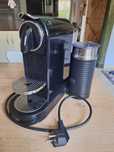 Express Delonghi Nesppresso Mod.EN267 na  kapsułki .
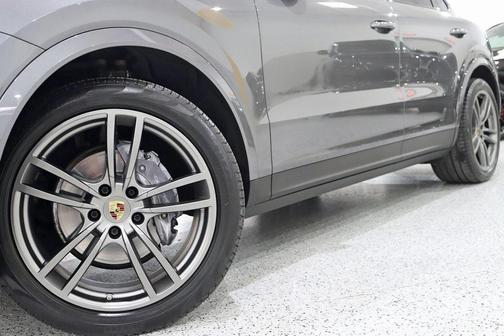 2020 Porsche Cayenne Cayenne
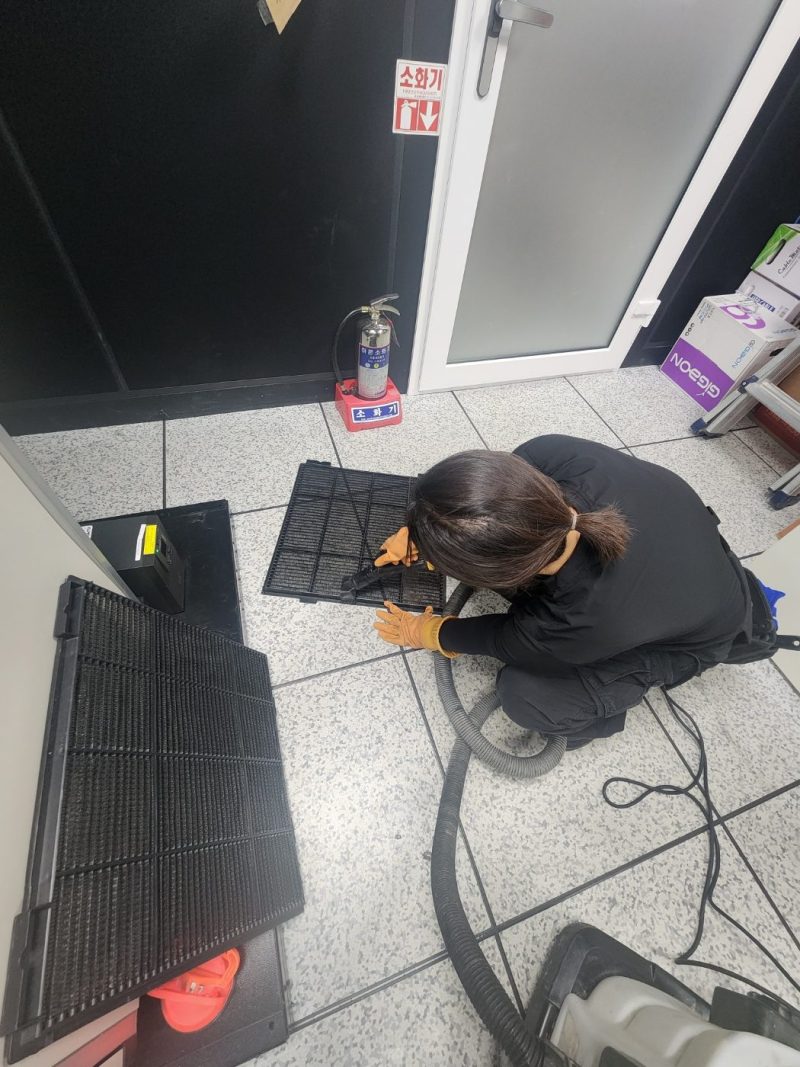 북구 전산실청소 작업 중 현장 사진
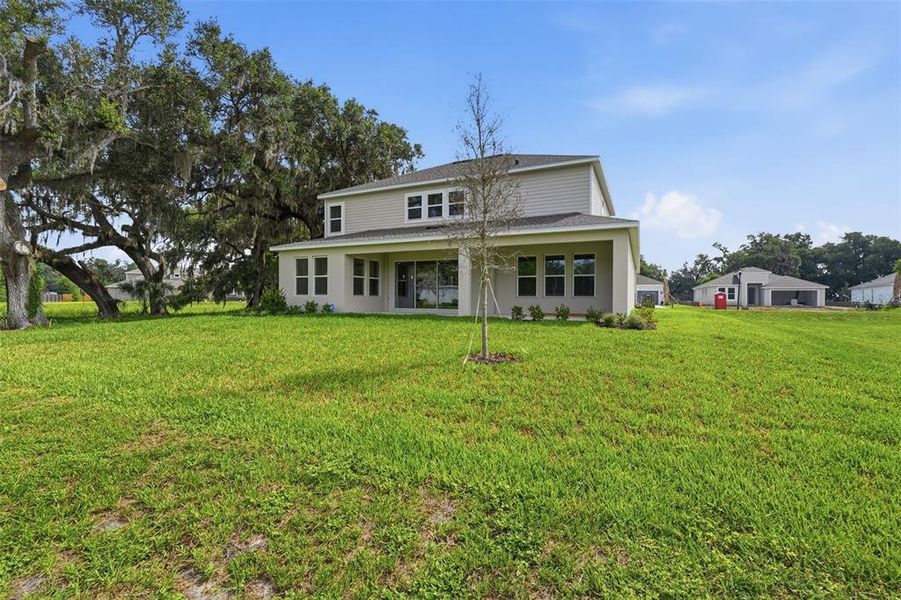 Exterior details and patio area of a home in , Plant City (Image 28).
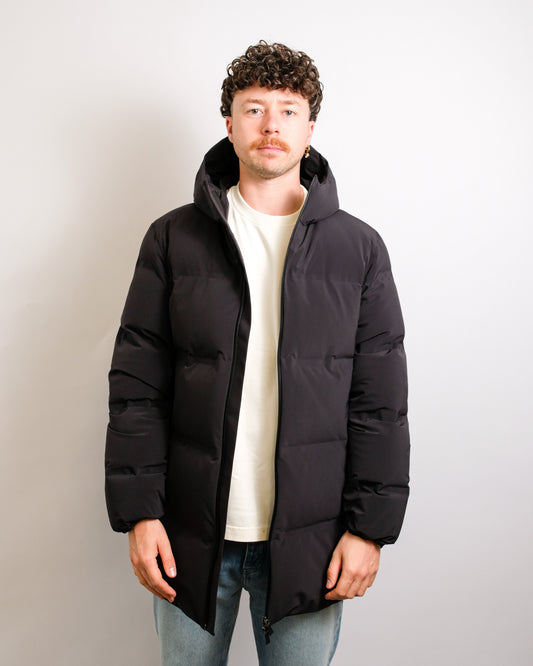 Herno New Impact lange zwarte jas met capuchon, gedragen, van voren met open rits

··········

Task to complete.
Print the data again word for word, pictures excluded.

Reply.
 Express Delonghi Nesppresso Mod.EN267 na  kapsułki .
 2020 Porsche Cayenne Cayenne
 북구 전산실청소 작업 중 현장 사진
 Exterior details and patio area of a home in , Plant City (Image 28).
 Herno New Impact lange zwarte jas met capuchon, gedragen, van voren met open rits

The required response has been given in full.